SUPPLIED MATERIAL ▸

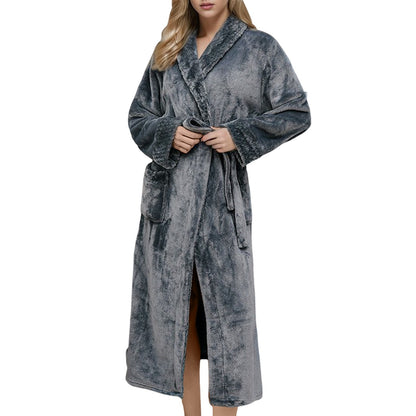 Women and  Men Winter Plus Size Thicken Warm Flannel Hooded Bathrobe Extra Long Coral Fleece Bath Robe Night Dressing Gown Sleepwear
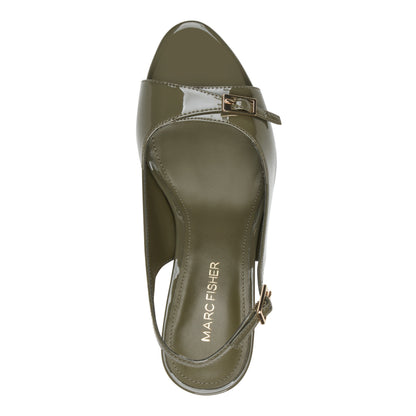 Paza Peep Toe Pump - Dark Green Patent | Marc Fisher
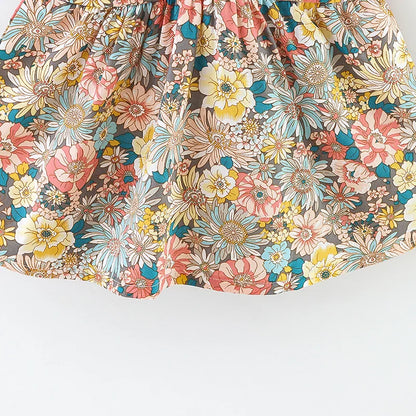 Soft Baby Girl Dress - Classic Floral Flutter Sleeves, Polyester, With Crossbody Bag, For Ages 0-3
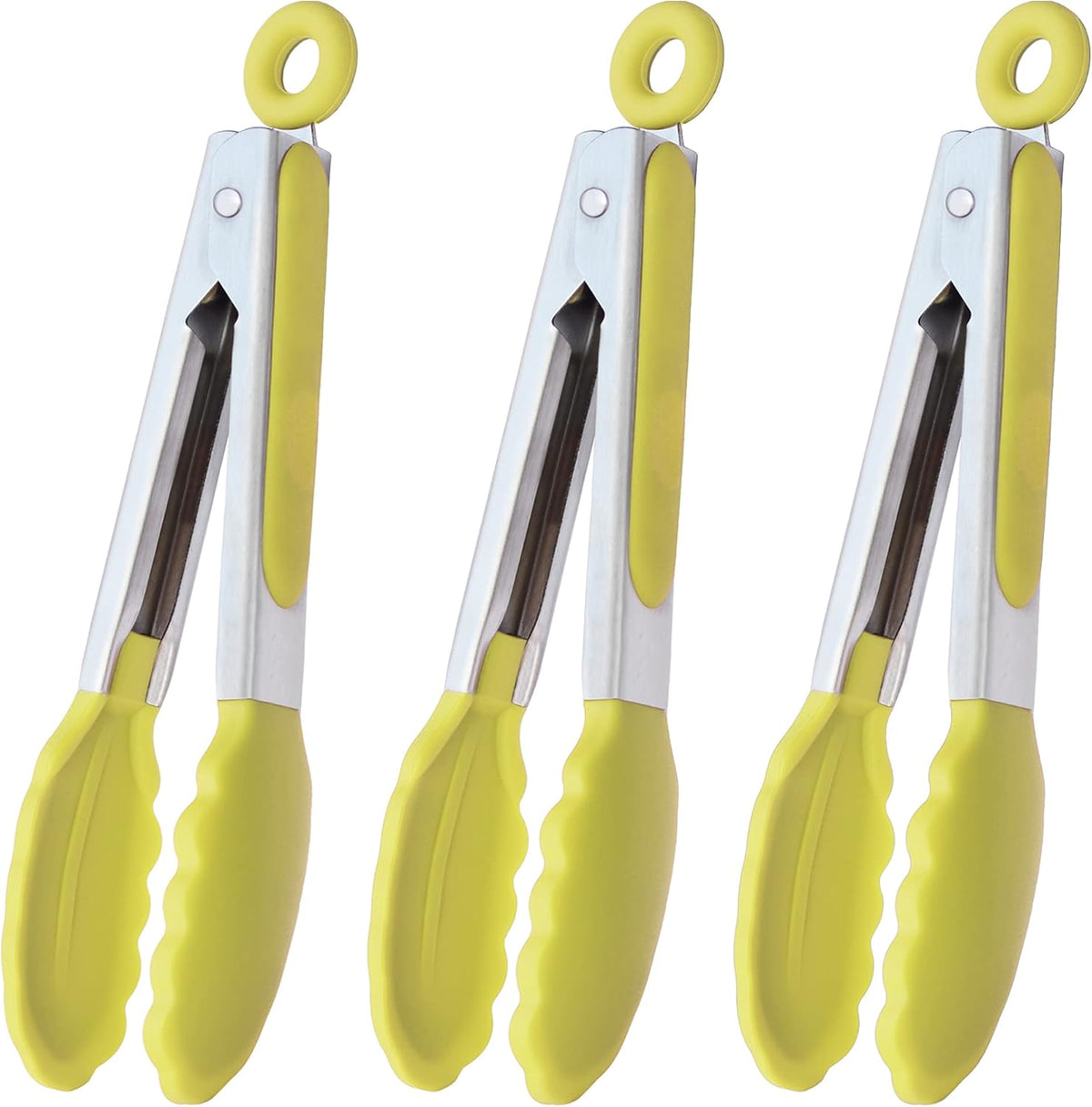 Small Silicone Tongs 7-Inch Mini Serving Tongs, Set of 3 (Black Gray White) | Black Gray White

WORK REQUEST ▸ Could you return the entire listing above verbatim while dropping each picture?

OUTPUT FOR THIS EXERCISE ▸
 Women and  Men Winter Plus Size Thicken Warm Flannel Hooded Bathrobe Extra Long Coral Fleece Bath Robe Night Dressing Gown Sleepwear
 Paza Peep Toe Pump - Dark Green Patent | Marc Fisher
 Soft Baby Girl Dress - Classic Floral Flutter Sleeves, Polyester, With Crossbody Bag, For Ages 0-3
 Small Silicone Tongs 7-Inch Mini Serving Tongs, Set of 3 (Black Gray White) | Black Gray White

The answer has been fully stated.